▸ Work item: Where a picture appears, skip it and copy everything else in the listing exactly.

▸ Input records:
-.-.-
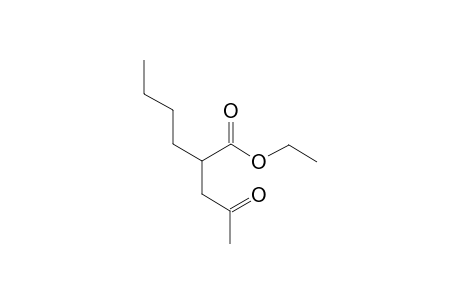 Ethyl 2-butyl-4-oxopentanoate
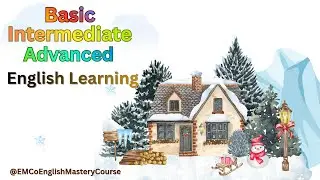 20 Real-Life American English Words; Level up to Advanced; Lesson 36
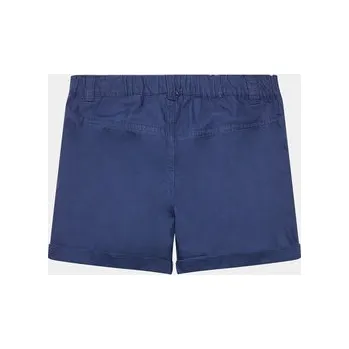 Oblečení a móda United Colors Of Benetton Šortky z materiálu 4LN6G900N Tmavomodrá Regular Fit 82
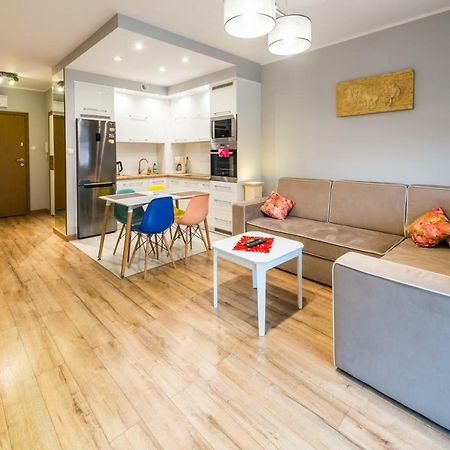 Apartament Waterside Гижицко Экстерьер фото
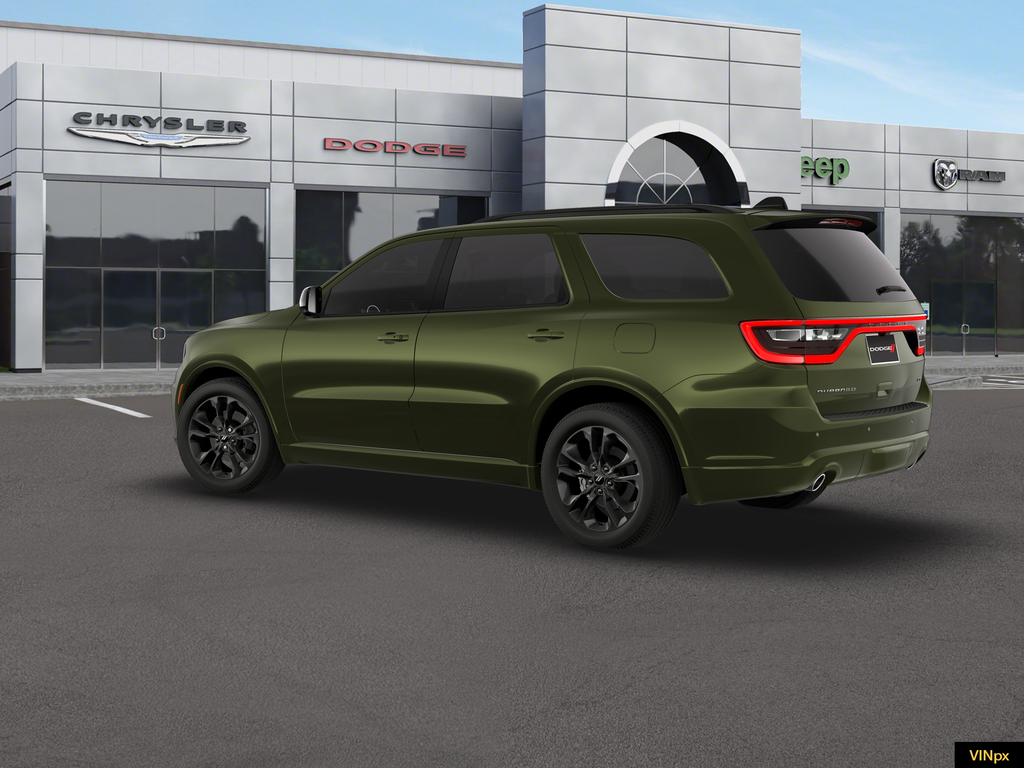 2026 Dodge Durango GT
-.-.-
▸ Exercise response:
 Ethyl 2-butyl-4-oxopentanoate
 20 Real-Life American English Words; Level up to Advanced; Lesson 36
 Oblečení a móda United Colors Of Benetton Šortky z materiálu 4LN6G900N Tmavomodrá Regular Fit 82
 Apartament Waterside Гижицко Экстерьер фото
 2026 Dodge Durango GT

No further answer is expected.